Which prepares you for Birkenau (2014)—or leaves you entirely unprepared.
The four Birkenau paintings confront the viewer not with atrocity, but with the impossibility of showing it. Layers of paint are pulled and blurred, hiding the images beneath—photographs secretly taken by Sonderkommando prisoners at Auschwitz-Birkenau concentration camp. Richter first saw them in the 1960s. He obscured them not to hide, but to demand a different kind of looking. Birkenau becomes a meditation on what painting can show—and what it must leave unsaid.

And somewhere between these monumental abstractions, the glacials, the intimate, the banal, and the historical portrayals, you begin to feel the full weight of Richter’s paradox: figuration and abstraction not as opposites, but as oscillations. Questions suspended in paint. Memory and forgetting, image and erasure, clarity and blur.
He moves seamlessly across mediums. Computer-generated minimalism, glass panels, and mirrors—their reflections, transparencies, and distortions—create new, shifting images with every step.

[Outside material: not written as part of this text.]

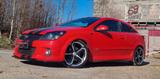 Opel Astra H GTC Sport (1.6 Turbo OPC Line) - Opel Astra: H Opc Line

I understand why he prefers the term “image maker” to “painter,” and after physically witnessing his craft, he is not wrong: his focus has always been on the image itself, not the act of painting.
Seen together, Richter’s six decades don’t resolve into a narrative. They accumulate, like weather. They surround you. They seep in. And in the immaculate cold of Gehry’s museum—you stand there, goosebumps rising, realizing something simple: when you encounter genius, you cannot not see it.